Licensing act changes: Shifting responsibility
Apart from the consultation document on early morning restrictions and the late night levy, published in January, there hasn’t been another word about procedure for implementing some of the other proposed changes that are involved.
Nor have we seen any draft so far for the inevitable changes which must be made to the statutory Guidance which the Secretary of State issues. That particular document is of great importance to the trade and to local authorities, as it sets out the parameters for the operation of many of the measures that are now being changed.

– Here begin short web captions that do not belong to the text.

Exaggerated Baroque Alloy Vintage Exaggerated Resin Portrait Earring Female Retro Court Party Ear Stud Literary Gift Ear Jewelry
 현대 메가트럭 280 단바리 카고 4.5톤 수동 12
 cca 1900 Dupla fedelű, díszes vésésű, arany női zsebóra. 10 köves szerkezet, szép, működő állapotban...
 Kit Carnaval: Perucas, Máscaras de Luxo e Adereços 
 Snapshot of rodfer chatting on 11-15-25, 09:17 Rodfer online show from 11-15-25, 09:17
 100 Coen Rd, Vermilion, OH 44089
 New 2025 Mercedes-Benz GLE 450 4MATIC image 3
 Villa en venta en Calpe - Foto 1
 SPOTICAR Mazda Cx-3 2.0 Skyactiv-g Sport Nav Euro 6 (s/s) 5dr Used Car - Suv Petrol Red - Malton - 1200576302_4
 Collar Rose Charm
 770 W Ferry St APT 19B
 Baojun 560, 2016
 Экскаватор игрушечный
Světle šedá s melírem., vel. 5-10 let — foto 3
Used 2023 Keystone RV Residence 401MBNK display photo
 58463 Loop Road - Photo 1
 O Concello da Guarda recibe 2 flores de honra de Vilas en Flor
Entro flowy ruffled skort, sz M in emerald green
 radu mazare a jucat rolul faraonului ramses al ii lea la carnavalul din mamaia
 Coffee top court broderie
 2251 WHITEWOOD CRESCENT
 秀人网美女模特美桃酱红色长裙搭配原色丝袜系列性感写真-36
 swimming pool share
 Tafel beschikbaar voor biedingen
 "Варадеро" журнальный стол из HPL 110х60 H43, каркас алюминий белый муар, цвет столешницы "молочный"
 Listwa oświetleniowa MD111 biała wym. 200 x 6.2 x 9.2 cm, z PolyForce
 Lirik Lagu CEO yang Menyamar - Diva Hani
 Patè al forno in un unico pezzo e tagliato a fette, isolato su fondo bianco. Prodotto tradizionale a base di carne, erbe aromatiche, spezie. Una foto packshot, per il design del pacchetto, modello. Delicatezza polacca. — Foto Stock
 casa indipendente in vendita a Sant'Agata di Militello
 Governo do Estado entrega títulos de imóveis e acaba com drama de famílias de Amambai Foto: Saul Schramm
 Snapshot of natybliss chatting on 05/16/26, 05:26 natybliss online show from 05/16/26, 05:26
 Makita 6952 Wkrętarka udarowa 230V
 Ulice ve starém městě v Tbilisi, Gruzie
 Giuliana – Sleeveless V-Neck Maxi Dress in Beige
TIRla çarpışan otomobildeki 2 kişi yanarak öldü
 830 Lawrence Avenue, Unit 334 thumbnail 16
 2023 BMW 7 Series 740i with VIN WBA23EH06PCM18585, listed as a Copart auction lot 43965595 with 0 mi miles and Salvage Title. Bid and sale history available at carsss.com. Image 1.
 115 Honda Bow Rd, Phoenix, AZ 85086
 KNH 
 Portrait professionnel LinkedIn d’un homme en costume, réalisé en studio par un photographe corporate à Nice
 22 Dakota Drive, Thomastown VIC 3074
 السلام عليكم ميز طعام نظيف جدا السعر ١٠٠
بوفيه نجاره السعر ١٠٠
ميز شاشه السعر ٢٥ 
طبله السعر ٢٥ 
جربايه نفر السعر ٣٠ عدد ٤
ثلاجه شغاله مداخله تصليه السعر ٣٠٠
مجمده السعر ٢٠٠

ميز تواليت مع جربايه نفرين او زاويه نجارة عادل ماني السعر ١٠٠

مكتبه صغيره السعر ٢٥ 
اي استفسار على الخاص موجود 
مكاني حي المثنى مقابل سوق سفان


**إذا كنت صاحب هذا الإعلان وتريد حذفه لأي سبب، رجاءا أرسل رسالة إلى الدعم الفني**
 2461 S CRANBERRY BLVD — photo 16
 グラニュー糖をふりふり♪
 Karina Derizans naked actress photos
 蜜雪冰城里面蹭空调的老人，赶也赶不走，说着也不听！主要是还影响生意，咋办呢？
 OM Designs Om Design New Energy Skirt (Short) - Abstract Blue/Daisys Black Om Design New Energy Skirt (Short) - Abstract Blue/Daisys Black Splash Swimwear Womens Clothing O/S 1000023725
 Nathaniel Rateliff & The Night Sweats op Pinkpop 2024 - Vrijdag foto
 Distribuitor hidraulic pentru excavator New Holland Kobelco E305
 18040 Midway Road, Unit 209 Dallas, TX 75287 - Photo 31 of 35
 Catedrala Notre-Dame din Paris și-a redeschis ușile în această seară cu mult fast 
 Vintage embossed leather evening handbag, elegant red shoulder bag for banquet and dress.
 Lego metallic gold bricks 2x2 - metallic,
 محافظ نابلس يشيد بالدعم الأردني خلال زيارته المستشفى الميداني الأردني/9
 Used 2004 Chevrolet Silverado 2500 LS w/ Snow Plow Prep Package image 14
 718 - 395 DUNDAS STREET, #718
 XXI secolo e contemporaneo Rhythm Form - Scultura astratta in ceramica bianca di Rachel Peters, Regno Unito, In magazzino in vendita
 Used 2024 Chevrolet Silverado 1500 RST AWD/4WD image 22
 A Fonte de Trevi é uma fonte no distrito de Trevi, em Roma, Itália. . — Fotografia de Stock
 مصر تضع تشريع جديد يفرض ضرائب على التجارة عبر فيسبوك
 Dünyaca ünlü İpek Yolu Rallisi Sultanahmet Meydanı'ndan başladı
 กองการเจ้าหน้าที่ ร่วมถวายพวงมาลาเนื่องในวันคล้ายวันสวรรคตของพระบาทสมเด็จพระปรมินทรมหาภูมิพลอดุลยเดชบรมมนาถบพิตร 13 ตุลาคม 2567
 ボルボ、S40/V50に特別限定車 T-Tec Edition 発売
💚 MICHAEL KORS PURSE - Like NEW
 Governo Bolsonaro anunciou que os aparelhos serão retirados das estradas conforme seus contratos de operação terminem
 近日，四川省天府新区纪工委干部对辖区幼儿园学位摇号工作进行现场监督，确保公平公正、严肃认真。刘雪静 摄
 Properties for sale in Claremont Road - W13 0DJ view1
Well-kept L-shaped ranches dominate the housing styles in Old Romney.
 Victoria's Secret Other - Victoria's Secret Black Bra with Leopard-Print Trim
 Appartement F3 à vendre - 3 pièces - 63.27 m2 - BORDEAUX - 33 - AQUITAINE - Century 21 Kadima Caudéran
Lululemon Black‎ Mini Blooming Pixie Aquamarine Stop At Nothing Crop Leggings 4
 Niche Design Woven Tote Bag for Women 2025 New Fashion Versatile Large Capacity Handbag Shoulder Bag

One of the key amendments is the making of the actual licensing authority a ‘responsible authority’ itself, meaning that it can start an objection to an application even if no-one else is objecting, and it can also order a review of a licence without waiting for one of the other responsible authorities — or a member of the public — to bring a problem to their attention.
The matter will then be decided by colleagues on the same licensing authority, which is where the licensed trade and their advisers cry ‘foul’. However, the Home Office does not think this is unfair and points to the Gambling Act as a precedent for a similar situation. It says that it will clarify the position in the Guidance, so presumably we will know how it thinks it should be handled before very long.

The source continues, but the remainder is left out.